OFFER TO PURCHASE FOR CASH
UP TO 400,000 SHARES OF ITS COMMON STOCK, PAR VALUE $0.15 PER SHARE,
AT A PURCHASE PRICE OF $15.00 PER SHARE
THE OFFER, PRORATION PERIOD AND WITHDRAWAL RIGHTS WILL
EXPIRE AT 5:00 P.M., CENTRAL TIME, ON
WEDNESDAY, SEPTEMBER 12, 2001, UNLESS THE OFFER IS EXTENDED.
August 13, 2001
To Brokers, Dealers, Commercial Banks, Trust Companies and Other Nominees:
We are enclosing the material listed below relating to the offer of NASB Financial, Inc., a Missouri corporation
(the "Company"), to purchase up to 400,000 shares of its common stock, par value $0.15 per share (the
"Shares"), at a purchase price of $15.00 per Share, net to the seller in cash, upon the terms and subject to the
conditions set forth in the Offer to Purchase dated August 13, 2001 (the "Offer to Purchase"), and in the related
Letter of Transmittal (which, as amended from time to time, together constitute the "Offer").
The Purchase Price will be paid in cash, net to the seller, with respect to all Shares purchased.
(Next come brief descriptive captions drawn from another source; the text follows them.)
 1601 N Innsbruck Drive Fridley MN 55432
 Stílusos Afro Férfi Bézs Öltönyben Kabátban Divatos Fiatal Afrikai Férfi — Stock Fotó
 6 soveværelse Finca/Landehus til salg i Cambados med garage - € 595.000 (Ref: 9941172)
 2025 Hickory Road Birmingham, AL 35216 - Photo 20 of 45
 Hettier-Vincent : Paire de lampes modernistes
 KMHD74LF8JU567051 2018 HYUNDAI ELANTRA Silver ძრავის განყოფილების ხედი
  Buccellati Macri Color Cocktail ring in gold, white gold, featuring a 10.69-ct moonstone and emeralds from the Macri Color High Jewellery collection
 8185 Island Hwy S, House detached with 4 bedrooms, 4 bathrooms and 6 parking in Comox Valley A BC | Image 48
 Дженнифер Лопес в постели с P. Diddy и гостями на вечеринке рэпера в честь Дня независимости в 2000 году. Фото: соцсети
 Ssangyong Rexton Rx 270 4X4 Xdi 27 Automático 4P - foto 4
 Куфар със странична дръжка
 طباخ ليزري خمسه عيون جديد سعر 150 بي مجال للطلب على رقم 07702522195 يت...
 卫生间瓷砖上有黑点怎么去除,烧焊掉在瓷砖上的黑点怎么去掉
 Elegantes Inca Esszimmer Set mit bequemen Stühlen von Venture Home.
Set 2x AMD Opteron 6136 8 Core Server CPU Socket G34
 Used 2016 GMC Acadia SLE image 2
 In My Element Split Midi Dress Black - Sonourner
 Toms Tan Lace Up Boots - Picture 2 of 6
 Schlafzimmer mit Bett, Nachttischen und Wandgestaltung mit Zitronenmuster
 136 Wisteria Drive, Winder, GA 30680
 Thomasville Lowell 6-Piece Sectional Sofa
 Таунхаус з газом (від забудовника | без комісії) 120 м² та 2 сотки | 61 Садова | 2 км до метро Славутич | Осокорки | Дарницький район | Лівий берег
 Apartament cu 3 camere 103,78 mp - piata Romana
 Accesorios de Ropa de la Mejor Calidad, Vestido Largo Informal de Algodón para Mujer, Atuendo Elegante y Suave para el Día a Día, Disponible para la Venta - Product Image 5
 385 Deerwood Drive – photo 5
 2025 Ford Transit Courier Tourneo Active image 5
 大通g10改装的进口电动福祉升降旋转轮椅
Shares not
purchased because of proration will be returned.
THE OFFER IS NOT CONDITIONED ON ANY MINIMUM NUMBER OF SHARES BEING
TENDERED. THE OFFER IS, HOWEVER, SUBJECT TO CERTAIN OTHER CONDITIONS. SEE
SECTION 6 OF THE OFFER TO PURCHASE.
For your information and for forwarding to your clients, we are enclosing the following documents:
1. The Offer to Purchase.
2. A letter to stockholders of the Company from the Chairman of the Board of Directors of the Company.
3. The Letter of Transmittal for your use and for the information of your clients.
4. A letter that may be sent to your clients for whose accounts you hold Shares registered in your name or in the
name of your nominee, with space for obtaining such clients' instructions with regard to the Offer.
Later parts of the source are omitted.